Esta «forma de crear autoficción a través de la lectura», sobre todo si está bien escrita, como es el caso, resulta curiosa siempre y cuando uno no vaya buscando saber más sobre Proust o encontrar análisis brillantes de su obra. De hecho el capítulo que más me ha interesado es un comentario de texto de un pasaje muy famoso: el momento en que Charles Swann comunica a la señora de Guermantes que tiene una enfermedad terminal. Aparte de una larguísima cita de dos páginas, la autora se fija en el juego de la muerte y los zapatos, en cómo la señora no tiene tiempo de pararse a consolar a Charles porque llega tarde a una fiesta pero sí de volverse a casa para cambiarse los zapatos porque llevaba unos negros que no pegan con el vestido rojo y tiene que calzarse otros del mismo color, como los papas elegantes… Lo que Murat no dice, y merecería la pena, es que la anécdota de los zapatos rojos le ocurrió en realidad a Mme. Straus, según nos cuenta Painter. Y fue el propio Marcel Proust el encargado de ir a por los zapatos entonces y el que después, al escribir, usaría la escena para cebarse en la mala entraña de la Guermantes y su estúpido marido. En todo caso es un ejemplo de cómo en la buena literatura los detalles nos explican el fondo de los personajes, uno de los muchos que hay en Proust… Claro que estos detalles se organizan en fragmentos, en estratos, en imágenes caleidoscópicas que de paso sirven como justificación literaria del ensayo, porque «el conocimiento objetivo solo se puede adquirir aprehendiendo sucesivas facetas», por más que solo autores como Proust sean capaces de «condensar todo el universo en una taza de té…». La magdalena no la nombra, habría sido un rasgo de vulgaridad.

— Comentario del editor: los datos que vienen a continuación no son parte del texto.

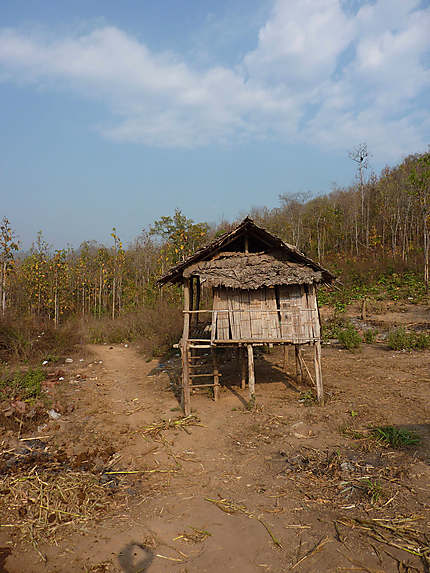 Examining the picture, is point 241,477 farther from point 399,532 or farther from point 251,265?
A: point 251,265

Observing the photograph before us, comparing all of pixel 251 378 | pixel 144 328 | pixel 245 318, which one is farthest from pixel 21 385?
pixel 144 328

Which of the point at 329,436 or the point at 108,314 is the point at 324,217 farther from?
the point at 329,436

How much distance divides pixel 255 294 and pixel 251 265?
75 centimetres

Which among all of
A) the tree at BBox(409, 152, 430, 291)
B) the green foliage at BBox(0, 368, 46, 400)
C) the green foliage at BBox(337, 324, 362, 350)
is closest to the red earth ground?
the green foliage at BBox(0, 368, 46, 400)

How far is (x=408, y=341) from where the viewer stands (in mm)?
13375

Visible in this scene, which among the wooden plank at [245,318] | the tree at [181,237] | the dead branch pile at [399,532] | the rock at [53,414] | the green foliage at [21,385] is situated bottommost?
the dead branch pile at [399,532]

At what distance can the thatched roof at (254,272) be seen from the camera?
28.7 ft

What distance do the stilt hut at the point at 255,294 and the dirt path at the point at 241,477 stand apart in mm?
1084

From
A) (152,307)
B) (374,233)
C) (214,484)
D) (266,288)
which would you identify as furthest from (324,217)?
(214,484)

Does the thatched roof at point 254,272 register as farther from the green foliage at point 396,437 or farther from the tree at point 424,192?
the tree at point 424,192

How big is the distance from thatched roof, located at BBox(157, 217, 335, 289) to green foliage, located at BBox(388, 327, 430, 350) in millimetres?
6052

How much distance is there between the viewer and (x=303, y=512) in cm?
494

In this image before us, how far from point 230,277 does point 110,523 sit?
18.1ft

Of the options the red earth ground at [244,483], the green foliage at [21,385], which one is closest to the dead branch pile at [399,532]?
the red earth ground at [244,483] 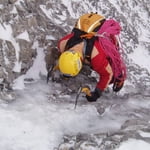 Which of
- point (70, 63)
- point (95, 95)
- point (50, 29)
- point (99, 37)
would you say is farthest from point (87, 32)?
point (95, 95)

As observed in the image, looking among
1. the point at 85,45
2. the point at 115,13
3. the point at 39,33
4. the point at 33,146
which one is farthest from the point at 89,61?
the point at 115,13

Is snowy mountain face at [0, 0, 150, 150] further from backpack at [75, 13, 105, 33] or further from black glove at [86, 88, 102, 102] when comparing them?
backpack at [75, 13, 105, 33]

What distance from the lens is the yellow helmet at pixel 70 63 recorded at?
6.81 metres

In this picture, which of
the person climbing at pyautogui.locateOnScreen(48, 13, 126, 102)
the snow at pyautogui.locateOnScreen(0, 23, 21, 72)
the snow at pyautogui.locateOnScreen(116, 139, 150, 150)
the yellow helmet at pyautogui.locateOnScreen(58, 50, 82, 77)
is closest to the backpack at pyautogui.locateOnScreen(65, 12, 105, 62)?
the person climbing at pyautogui.locateOnScreen(48, 13, 126, 102)

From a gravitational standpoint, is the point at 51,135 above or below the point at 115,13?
below

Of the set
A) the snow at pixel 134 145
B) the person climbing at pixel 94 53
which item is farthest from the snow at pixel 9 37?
the snow at pixel 134 145

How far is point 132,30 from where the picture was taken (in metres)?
10.3

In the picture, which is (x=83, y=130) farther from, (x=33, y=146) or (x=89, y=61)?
(x=89, y=61)

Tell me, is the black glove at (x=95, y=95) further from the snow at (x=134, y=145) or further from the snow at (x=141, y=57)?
the snow at (x=141, y=57)

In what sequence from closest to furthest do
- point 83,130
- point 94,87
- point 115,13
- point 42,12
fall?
point 83,130 < point 94,87 < point 42,12 < point 115,13

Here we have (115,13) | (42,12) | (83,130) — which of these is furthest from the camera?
(115,13)

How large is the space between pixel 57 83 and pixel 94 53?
1023 millimetres

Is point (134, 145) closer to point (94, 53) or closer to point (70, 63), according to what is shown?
point (70, 63)

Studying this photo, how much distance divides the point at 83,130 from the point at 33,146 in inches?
38.6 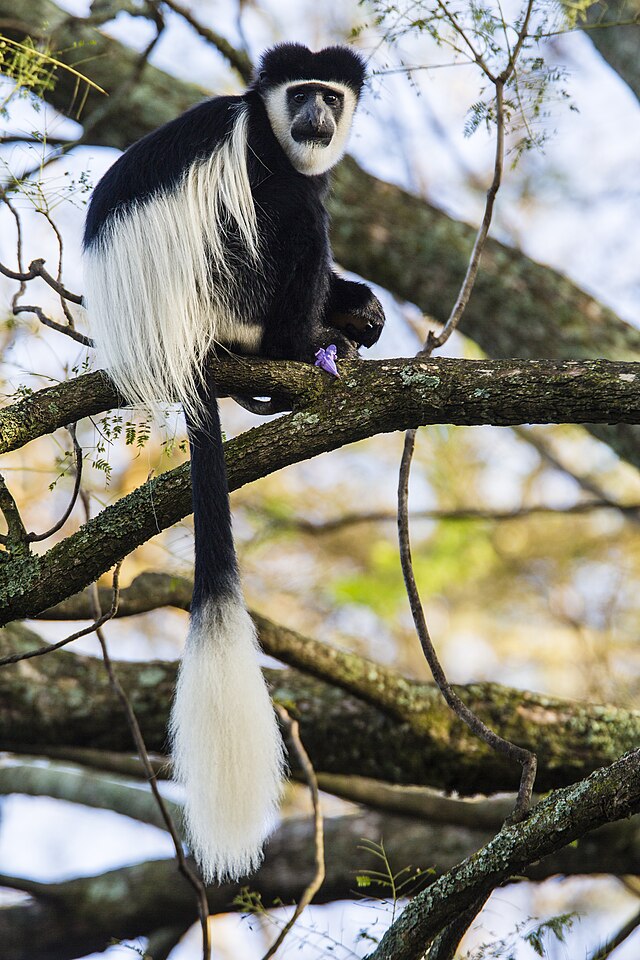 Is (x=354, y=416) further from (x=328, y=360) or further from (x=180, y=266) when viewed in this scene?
(x=180, y=266)

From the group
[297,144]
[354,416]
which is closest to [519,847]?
[354,416]

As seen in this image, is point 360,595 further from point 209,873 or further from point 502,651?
point 209,873

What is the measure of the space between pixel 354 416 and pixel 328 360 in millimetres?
209

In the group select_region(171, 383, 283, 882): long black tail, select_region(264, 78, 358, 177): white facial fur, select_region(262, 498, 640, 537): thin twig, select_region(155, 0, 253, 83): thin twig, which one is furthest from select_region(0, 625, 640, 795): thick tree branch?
select_region(155, 0, 253, 83): thin twig

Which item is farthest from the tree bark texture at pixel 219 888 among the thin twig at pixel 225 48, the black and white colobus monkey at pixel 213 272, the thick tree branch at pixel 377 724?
the thin twig at pixel 225 48

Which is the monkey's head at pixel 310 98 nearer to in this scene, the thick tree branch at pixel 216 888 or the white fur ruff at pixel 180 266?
the white fur ruff at pixel 180 266

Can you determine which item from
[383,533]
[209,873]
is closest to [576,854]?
[209,873]

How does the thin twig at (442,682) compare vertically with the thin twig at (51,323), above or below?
below

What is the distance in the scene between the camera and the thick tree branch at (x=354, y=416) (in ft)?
6.10

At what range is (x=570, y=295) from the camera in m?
3.75

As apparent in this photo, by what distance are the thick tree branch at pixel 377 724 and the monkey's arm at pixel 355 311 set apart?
35.1 inches

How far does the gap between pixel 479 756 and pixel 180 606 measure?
91 cm

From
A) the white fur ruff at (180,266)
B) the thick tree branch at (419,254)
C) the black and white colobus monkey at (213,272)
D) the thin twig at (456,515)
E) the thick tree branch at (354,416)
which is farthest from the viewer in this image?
the thin twig at (456,515)

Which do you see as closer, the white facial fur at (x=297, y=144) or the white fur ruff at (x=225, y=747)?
the white fur ruff at (x=225, y=747) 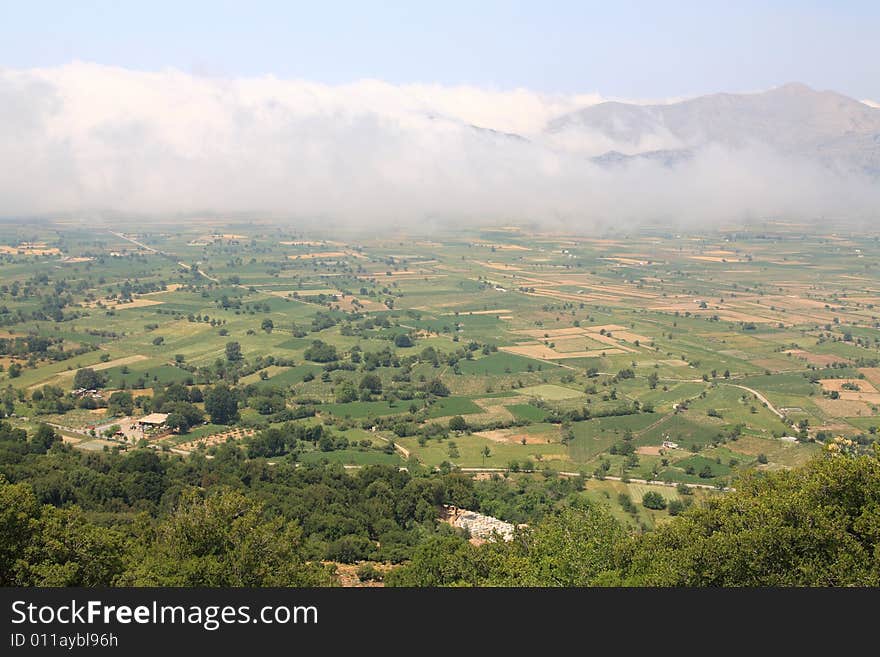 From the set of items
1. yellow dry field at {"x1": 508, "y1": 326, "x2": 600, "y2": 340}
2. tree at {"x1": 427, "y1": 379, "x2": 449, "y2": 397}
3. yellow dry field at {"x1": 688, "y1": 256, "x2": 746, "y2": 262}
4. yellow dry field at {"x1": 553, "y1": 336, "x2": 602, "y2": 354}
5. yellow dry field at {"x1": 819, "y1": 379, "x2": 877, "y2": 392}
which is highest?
yellow dry field at {"x1": 688, "y1": 256, "x2": 746, "y2": 262}

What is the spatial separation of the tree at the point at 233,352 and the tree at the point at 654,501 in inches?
1942

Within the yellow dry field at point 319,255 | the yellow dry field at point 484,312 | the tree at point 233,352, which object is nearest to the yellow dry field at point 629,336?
the yellow dry field at point 484,312

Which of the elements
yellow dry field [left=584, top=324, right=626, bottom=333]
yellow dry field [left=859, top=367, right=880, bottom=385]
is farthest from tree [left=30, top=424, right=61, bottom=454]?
yellow dry field [left=859, top=367, right=880, bottom=385]

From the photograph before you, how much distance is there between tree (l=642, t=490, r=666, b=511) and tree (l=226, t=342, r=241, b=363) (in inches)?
1942

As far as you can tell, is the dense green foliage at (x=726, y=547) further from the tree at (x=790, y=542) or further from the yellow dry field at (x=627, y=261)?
the yellow dry field at (x=627, y=261)

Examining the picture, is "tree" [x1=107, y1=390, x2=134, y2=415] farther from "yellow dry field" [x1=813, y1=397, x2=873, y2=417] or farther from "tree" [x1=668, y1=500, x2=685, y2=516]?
"yellow dry field" [x1=813, y1=397, x2=873, y2=417]

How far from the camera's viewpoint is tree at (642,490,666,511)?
44.7m

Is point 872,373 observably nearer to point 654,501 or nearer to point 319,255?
point 654,501

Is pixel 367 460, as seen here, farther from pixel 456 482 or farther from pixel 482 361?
pixel 482 361

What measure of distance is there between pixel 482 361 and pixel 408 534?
146 feet

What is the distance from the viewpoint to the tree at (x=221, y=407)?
61656 millimetres

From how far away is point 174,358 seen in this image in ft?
263

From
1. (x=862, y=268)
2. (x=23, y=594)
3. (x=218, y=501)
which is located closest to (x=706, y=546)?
(x=218, y=501)

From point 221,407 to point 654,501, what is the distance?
35628 millimetres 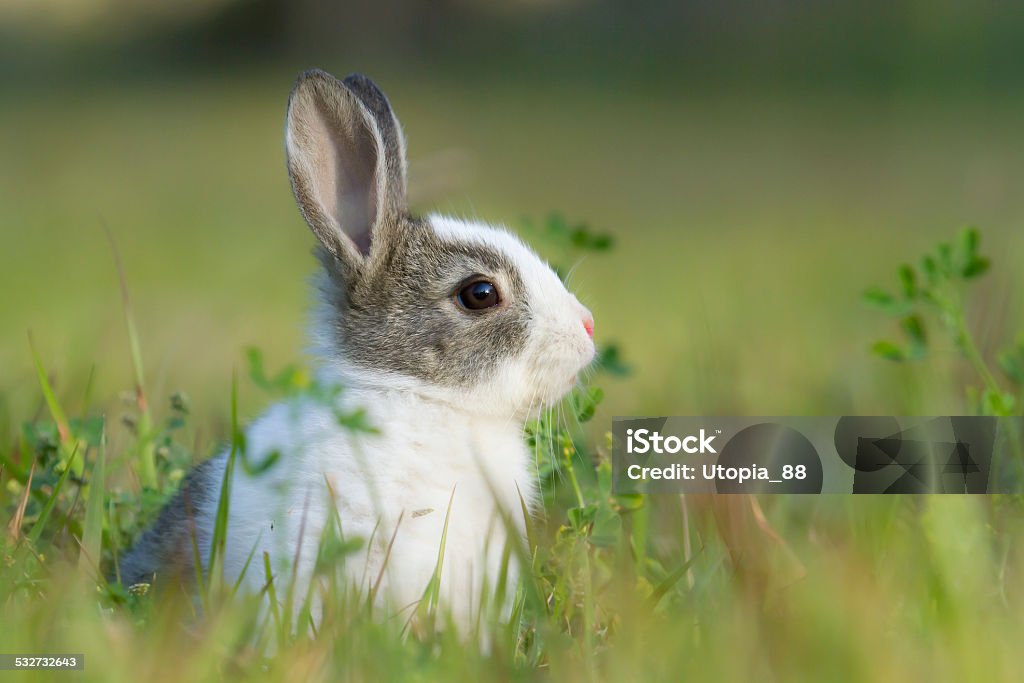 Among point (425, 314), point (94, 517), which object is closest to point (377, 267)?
point (425, 314)

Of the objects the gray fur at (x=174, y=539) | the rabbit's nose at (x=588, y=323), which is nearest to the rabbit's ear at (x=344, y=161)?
the rabbit's nose at (x=588, y=323)

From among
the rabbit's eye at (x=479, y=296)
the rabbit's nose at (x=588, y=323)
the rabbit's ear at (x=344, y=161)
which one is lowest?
the rabbit's nose at (x=588, y=323)

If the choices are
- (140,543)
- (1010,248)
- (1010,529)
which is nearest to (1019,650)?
(1010,529)

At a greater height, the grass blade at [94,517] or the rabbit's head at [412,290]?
the rabbit's head at [412,290]

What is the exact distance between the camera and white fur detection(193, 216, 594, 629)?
2.83 m

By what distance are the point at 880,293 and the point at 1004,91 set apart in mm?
10499

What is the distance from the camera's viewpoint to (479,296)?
136 inches

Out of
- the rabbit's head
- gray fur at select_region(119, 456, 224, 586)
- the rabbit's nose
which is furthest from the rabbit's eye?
gray fur at select_region(119, 456, 224, 586)

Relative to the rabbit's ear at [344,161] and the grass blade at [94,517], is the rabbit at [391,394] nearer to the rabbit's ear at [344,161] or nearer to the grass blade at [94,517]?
the rabbit's ear at [344,161]

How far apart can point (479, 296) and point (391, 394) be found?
42 cm

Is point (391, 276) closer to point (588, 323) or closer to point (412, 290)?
point (412, 290)

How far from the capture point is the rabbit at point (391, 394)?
288cm

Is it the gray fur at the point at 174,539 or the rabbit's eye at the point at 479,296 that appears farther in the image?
the rabbit's eye at the point at 479,296

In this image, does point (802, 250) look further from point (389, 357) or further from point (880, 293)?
point (389, 357) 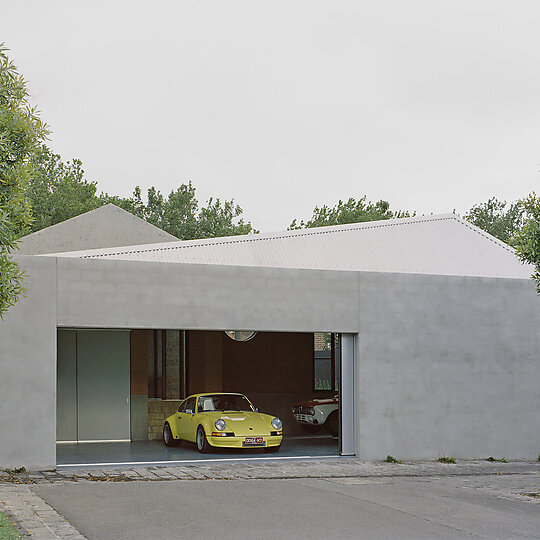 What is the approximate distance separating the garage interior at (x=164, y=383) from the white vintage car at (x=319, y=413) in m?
0.05

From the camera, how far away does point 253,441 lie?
16.6 m

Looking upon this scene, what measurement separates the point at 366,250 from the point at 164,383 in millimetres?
6486

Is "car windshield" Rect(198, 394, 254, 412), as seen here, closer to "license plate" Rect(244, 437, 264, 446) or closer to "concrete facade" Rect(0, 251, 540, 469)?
"license plate" Rect(244, 437, 264, 446)

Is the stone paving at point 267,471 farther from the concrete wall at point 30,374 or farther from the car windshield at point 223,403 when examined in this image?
the car windshield at point 223,403

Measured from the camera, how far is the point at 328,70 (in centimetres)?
2677

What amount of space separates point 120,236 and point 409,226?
9582mm

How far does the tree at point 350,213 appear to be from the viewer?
Result: 5334 centimetres

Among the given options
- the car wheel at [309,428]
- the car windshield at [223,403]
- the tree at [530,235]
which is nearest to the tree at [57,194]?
the car wheel at [309,428]

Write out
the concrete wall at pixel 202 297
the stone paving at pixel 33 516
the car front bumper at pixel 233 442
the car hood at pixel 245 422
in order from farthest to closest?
the car hood at pixel 245 422 → the car front bumper at pixel 233 442 → the concrete wall at pixel 202 297 → the stone paving at pixel 33 516

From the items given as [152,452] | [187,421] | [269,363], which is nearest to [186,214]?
[269,363]

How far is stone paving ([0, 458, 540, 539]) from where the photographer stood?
12500 mm

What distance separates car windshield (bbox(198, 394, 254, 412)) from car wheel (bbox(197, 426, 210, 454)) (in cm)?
57

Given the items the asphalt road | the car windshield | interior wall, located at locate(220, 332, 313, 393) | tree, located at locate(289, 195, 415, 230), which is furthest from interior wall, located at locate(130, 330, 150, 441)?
tree, located at locate(289, 195, 415, 230)

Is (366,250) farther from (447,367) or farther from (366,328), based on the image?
(447,367) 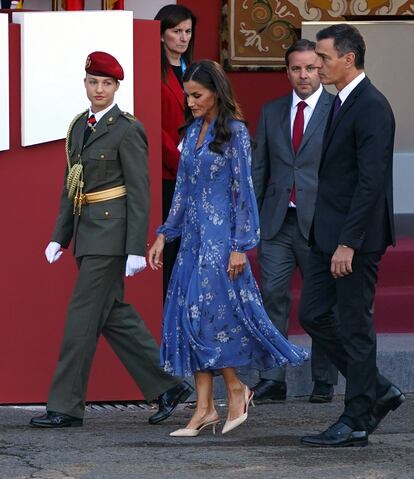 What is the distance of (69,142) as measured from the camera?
8.27 m

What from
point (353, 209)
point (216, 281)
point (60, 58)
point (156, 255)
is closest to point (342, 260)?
Answer: point (353, 209)

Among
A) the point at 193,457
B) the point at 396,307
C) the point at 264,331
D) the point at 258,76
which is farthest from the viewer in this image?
the point at 258,76

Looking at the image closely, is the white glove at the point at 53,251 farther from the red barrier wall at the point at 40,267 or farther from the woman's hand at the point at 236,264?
the woman's hand at the point at 236,264

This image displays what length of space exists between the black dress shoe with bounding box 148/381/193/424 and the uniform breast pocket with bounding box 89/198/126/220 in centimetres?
91

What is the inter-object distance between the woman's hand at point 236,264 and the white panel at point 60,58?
1341mm

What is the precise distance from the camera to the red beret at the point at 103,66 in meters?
8.09

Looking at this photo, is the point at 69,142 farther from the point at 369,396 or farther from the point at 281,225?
the point at 369,396

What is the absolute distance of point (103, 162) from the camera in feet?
26.5

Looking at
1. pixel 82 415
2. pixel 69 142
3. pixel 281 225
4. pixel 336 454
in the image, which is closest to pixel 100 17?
pixel 69 142

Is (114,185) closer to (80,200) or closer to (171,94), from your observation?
(80,200)

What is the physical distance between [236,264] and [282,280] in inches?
50.1

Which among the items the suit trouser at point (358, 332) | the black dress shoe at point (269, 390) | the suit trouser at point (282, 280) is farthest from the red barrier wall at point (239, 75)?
the suit trouser at point (358, 332)

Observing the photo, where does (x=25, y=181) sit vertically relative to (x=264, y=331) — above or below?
above

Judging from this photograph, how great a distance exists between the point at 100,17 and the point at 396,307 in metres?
2.60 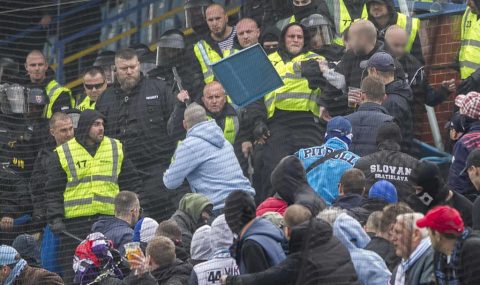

El capítulo más hermoso del libro, sin duda, es el dedicado al Proust sanador, a su eficacia como refugio de lectores, sean o no aristócratas, se sientan o no repudiados por una sociedad que no los entiende. Al margen de la idea que nos hagamos del narrador, Proust nos ofrece un mundo en el que habitar a salvo de las muchas amarguras de la vida. Igual que él se enclaustró en una habitación forrada de corcho para ir estirando su pésima salud, sus lectores nos encerramos en su obra para que los ruidos catastróficos de afuera no nos hagan bajar los brazos, dar nuestra existencia por irrelevante o hundirnos en la falta de ilusión. La realidad que nos propone Proust tiene algo de iluso, de injustificadamente esperanzado y de sencillamente falso, pero es lo que nos sirve de consuelo.  


Laure Murat, Proust, novela familiar, trad. María Teresa Gallego Urrutia y Amaya García Gallego, Anagrama, 2025, 282 p.